It is probably the great growth fantasies that have led the market to grant the U.S. stock such an ambitious valuation. In addition to its claim to leadership in electric cars, Tesla is also at the forefront of autonomous driving technology. Several million miles have already been successfully completed with the AI-based full self-driving beta version of Autopilot. In addition, a new segment is to be conquered with the Cybertruck. Delivery was once planned for the third quarter, however, Musk admitted during the most recent presentation of figures that there are enormous challenges in achieving mass production with the Cybertruck and then generating a positive cash flow with it. Nevertheless, the tech billionaire is sticking to the ambitious project. Starting November 30, the e-pickup is to be sold, and Musk would even like to deliver a quarter of a million Cybertrucks annually starting in 2025.
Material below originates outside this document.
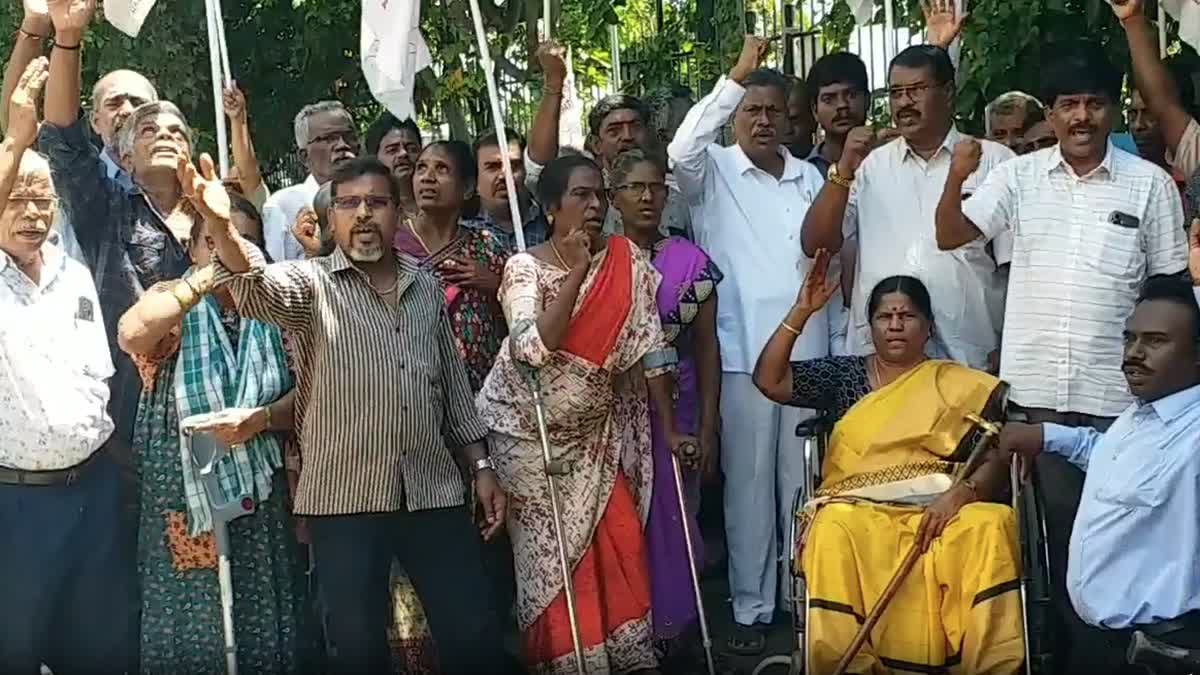 மாற்றுத் திறனாளிகளுக்கான உதவித்தொகையை உயர்த்த கோரி முற்றுகை போராட்டம்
Full-blooded entrepreneurs are known for full-bodied promises. But as the recent sell-off on the stock market shows, confidence in the company's fundamental prospects currently seems to be waning. To now write off Tesla completely is certainly the wrong approach. The company is indispensable when it comes to e-mobility, and after all, Musk has proven in the past, albeit often with a delay, that many of his visions have become reality. This could be one reason why the majority of analysts have not given the high-tech carmaker the thumbs down. Of a total of 45 research reports, 20 resulted in a hold recommendation, 19 saw a buy opportunity and only a minority of half a dozen rated the S&P 500 stock as sell. This results in an average target price of USD 257, which corresponds to a theoretical upside potential of around one fifth.
The large number of uncertainties coupled with a deteriorating chart picture - the 200-day-average line has just been crossed to the downside - do not necessarily speak in favor of a direct investment in Tesla at present. The high volatility, however, provides the best conditions for a barrier reverse convertible (BRC). Leonteq has launched two new single softcallable BRCs with extraordinary coupons and low barriers. The CHF version offers a maximum yield of 13.00% p.a., while in USD 17.00% p.a. is possible within the maximum term of one year and three months. The first soft callable observation day, which could provide for an early redemption, takes place for both products after half a year. The double-digit percentage returns are well protected with high risk buffers of 51% each.
However, the safety function of the product due to the barrier is only one side of the coin. As Barrier Reverse Convertibles are securitised bonds, the solvency of the issuer is also of crucial importance for certificate holders in a worst-case scenario. In this respect, investors are in good hands with Leonteq. The renowned rating agency Fitch has just raised the long-term issuer default rating to "BBB" with a stable outlook.